Mit Ten Brinke hatte der Selmer Stadtrat 2020 einen Erbpachtvertrag geschlossen. Details über die Zahlungen waren nie bekannt geworden. Aber Vermutungen. Die Stadt soll laut dem UWG-Fraktionsvorsitzenden Dr. Hubert Seier 2,5 Millionen Euro bei dem Geschäft mit Ten Brinke „vernichtet haben“: die Basis, um Selms beste Innenstadtlage zu modernisieren. Seit Ende 2021 sind alle 39 Wohnungen in den alten Häusern leer. Wann Ten Brinke mit Abriss und Neubau beginnt, ist aber noch ungewiss. Das Unternehmen ist offiziell noch immer nicht Eigentümerin. In den Vertrag einsteigen werde es erst, wenn Baurecht bestehe, hatte es erklärt. Auch Annika Wilkes will da nicht konkreter werden. „Wir hoffen, dass es im nächsten Jahr etwas werden wird“, sagt sie nur. Für den besorgten Warnke hat sie auch nicht viel Konkreteres, aber immerhin eine Geste des guten Willens.

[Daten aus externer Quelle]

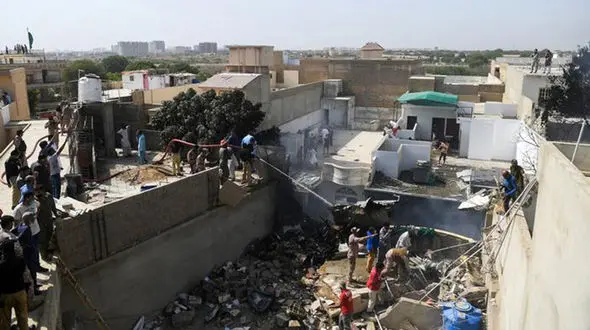 تعداد قربانیان سقوط هواپیما در پاکستان بیش از ۹۰ نفر اعلام شد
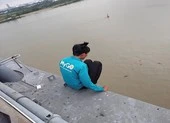 Cô gái buông tay lái xe máy, múa quạt giống Khá Bảnh ảnh 2 Thua chứng khoán, thanh niên đến cầu Cần Thơ định tự tử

„Wir versuchen die Anregungen und Bedenken der Anwohner zu berücksichtigen“, sagt die Projektleiterin am Telefon. Und: „Ich bin mir sicher, dass wir eine Kompromisslösung finden.“ Wie die aussehen kann, will sie nicht öffentlich diskutieren. Auch die Stadtverwaltung hält sich bedeckt. Ideen für Kompromisse hat Warnke.

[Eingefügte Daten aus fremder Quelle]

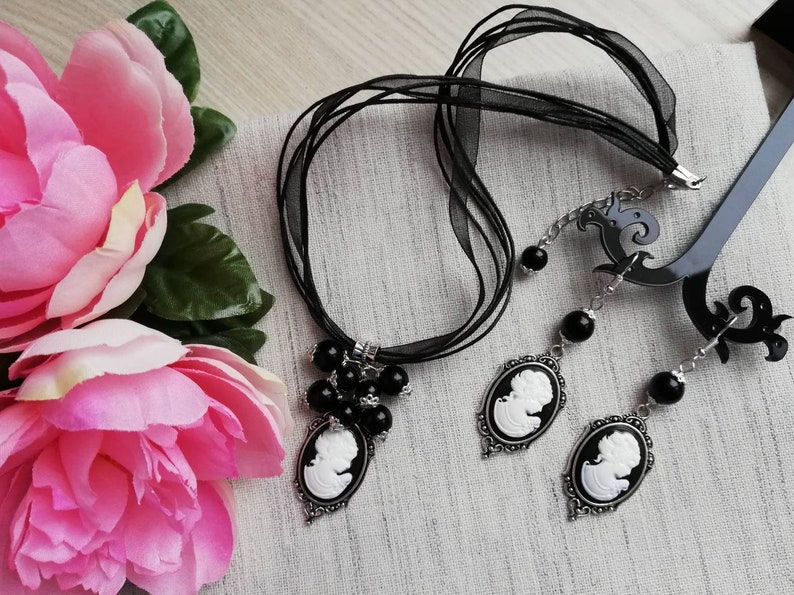 Necklace /& Earrings Set Black and White Cameo Lady Victorian Style Jewelry Set Women Jewellery Romantic Jewelry Drop Earrings Charm Necklace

Wenn direkt neben seinem Haus zuerst die Bewohner-Parkplätze des Neubaus geschaffen werden könnten und dann erst die Kundenparkplätze, gebe es weniger Fahrzeugbewegung direkt vor der Nase. Auch einen Pflanzstreifen wünscht er sich. Und eine kleinere Öffnung nach vorne in Richtung Kreisstraße. Da, wo jetzt ein zwei Meter breiter Korridor ist, soll es künftig einen 6,50 Meter breiten Durchgang geben: ein Einfalltor für mehr Straßenlärm, wie nicht nur er befürchtet. Warnke zur Seite steht Architekt Wilhelm Gryczan-Wiese, der das 2010 bezugsfertige Haus mitgeplant hatte.

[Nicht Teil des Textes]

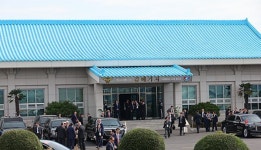 [경주 APEC] 희토류 1년 유예 농산물 구매 미중 급한 불 껐다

Zurzeit bereitet die Stadtverwaltung die öffentliche Auslegung des Bebauungsplanentwurfs vor: Gelegenheit, weitere Anregungen und Bedenken vorzubringen. „Mit der Rechtskraft des Bebauungsplanverfahrens ist nach jetzigem Stand im ersten Halbjahr 2023 zu rechnen“, sagt Stadtsprecher Norbert Zolda: die Voraussetzung, damit Ten Brinke den Bauantrag stellen kann.